- WORK ORDER:
What should be copied is the stretch of entries below from the line with "[6700018CA] SWITCH INTERRUPTOR" up to and including the line with "Alexander Wang –", exactly and without images.

- DATASET EXTRACT:
—————

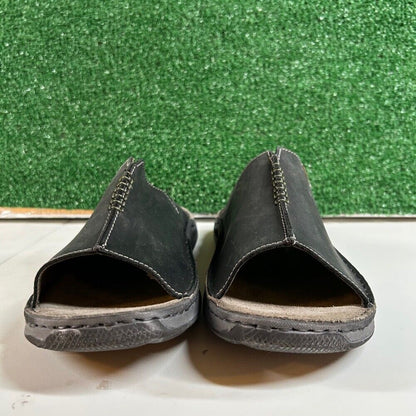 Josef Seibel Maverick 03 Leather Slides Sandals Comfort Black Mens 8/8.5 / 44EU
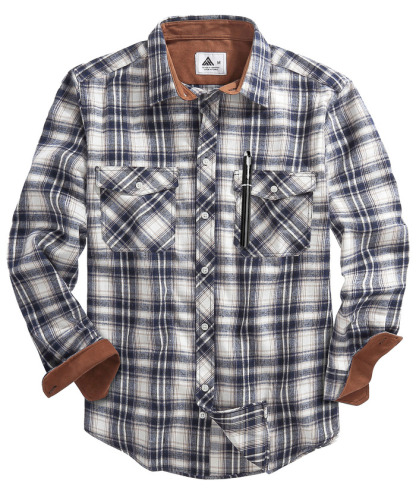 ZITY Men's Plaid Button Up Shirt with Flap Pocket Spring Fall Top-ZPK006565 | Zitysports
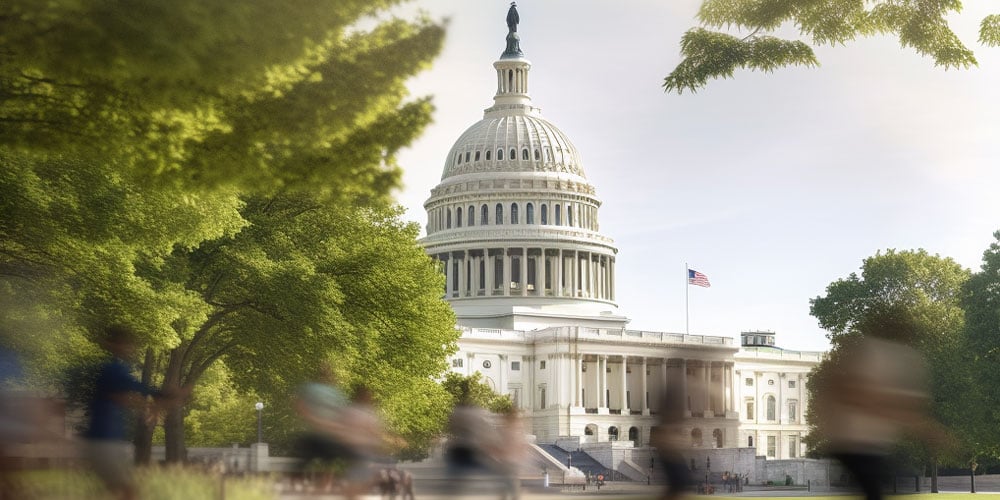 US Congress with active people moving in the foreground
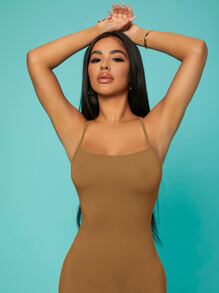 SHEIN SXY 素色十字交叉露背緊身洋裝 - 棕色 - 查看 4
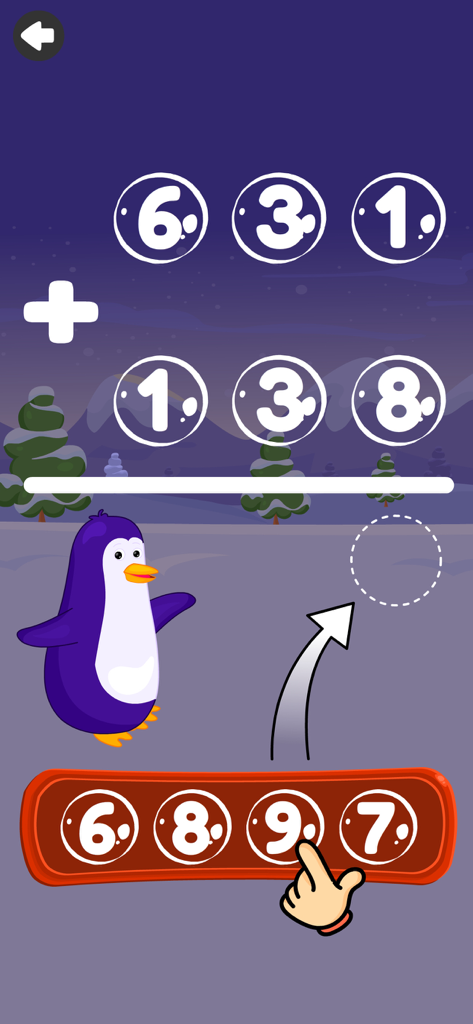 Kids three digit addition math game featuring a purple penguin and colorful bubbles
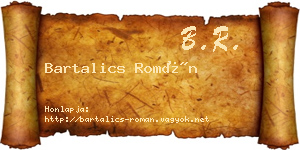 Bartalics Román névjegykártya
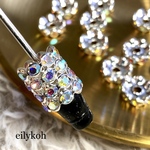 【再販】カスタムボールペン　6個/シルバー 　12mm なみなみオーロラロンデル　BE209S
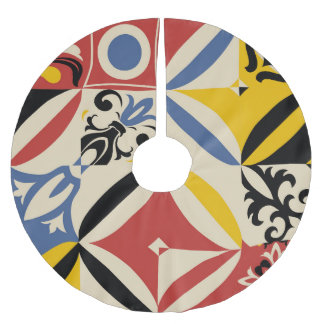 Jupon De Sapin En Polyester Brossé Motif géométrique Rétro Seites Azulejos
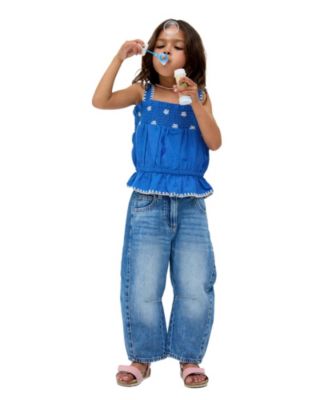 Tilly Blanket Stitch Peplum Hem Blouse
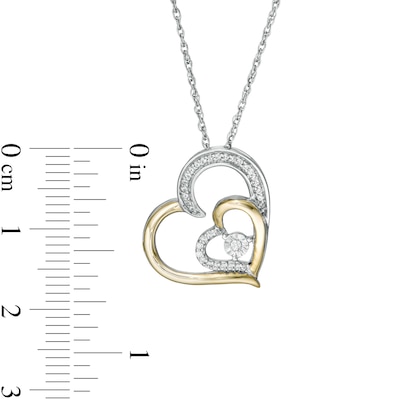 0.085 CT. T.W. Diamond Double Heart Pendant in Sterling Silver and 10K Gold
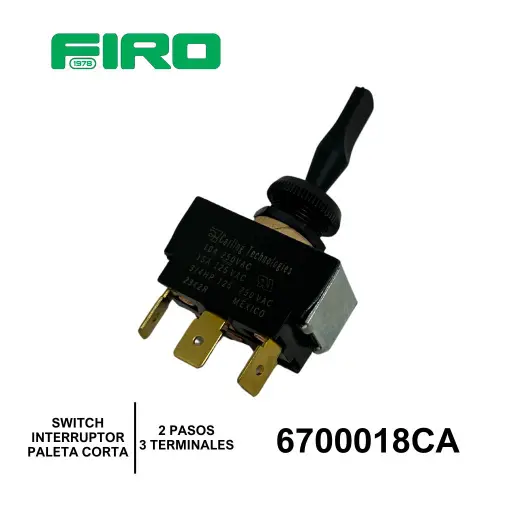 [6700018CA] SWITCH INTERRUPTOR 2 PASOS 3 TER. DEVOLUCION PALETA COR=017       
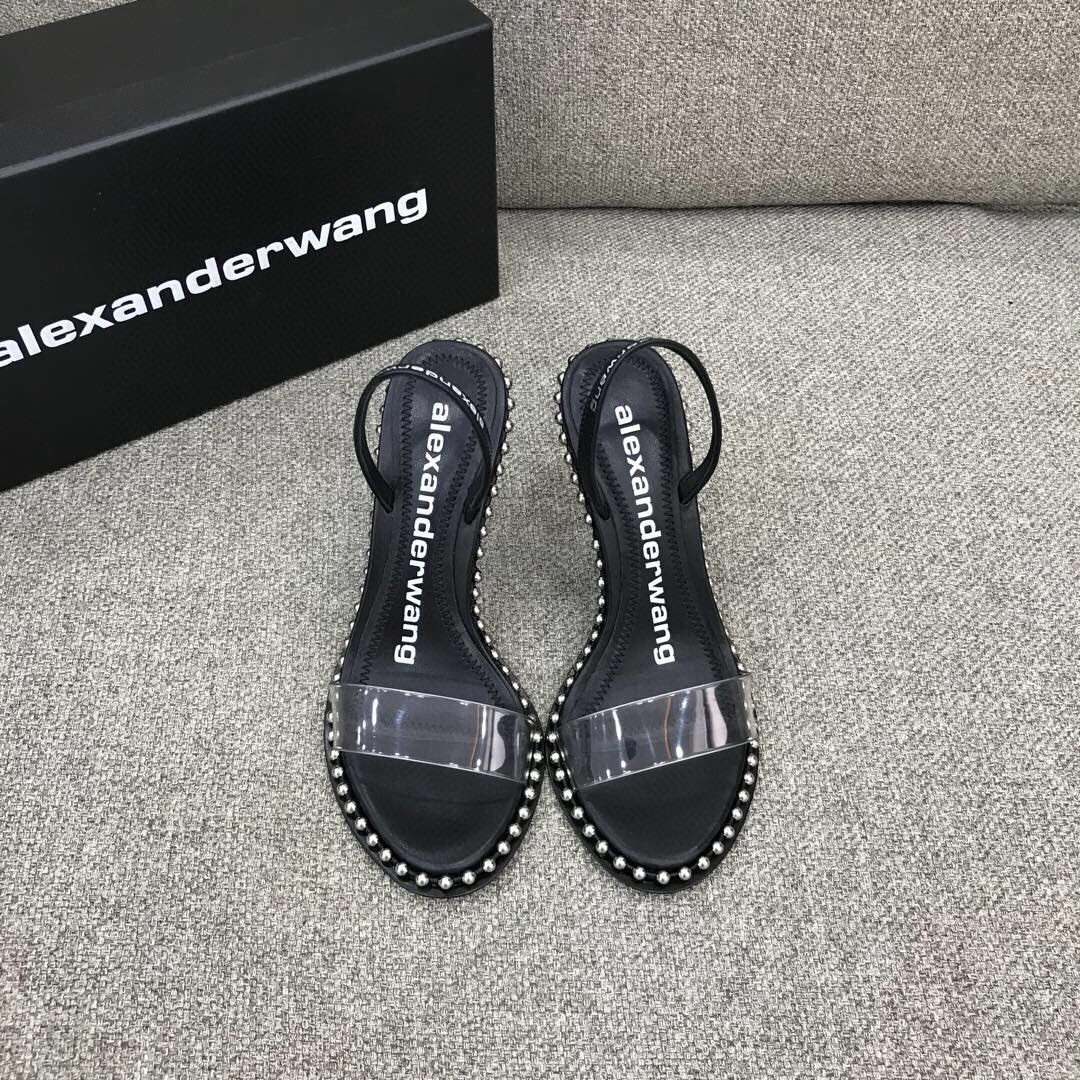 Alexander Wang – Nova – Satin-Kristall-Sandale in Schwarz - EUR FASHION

—————

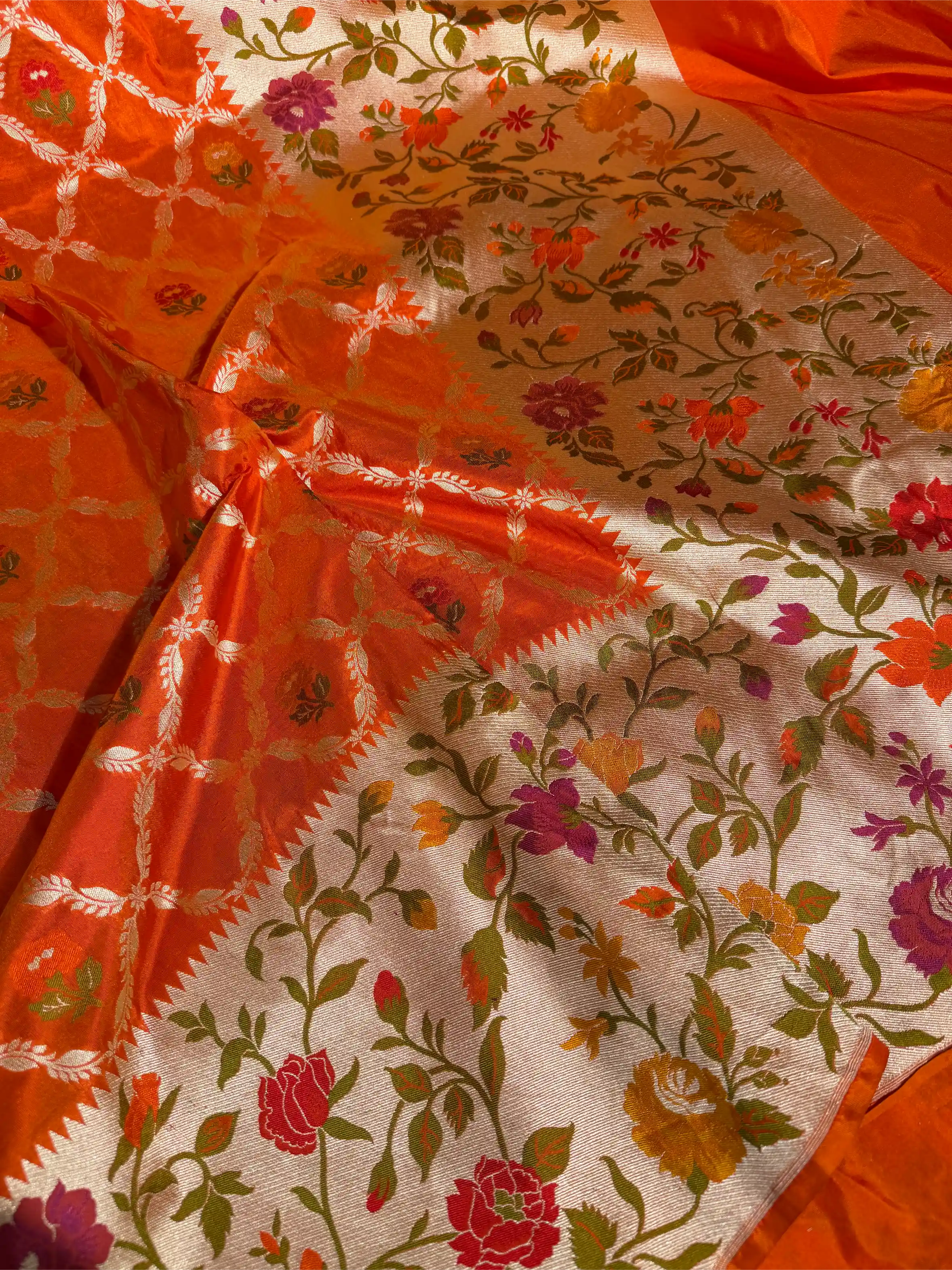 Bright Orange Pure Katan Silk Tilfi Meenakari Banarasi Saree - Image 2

—————

- RESPONSE BOX:
 [6700018CA] SWITCH INTERRUPTOR 2 PASOS 3 TER. DEVOLUCION PALETA COR=017       
 Alexander Wang – Nova – Satin-Kristall-Sandale in Schwarz - EUR FASHION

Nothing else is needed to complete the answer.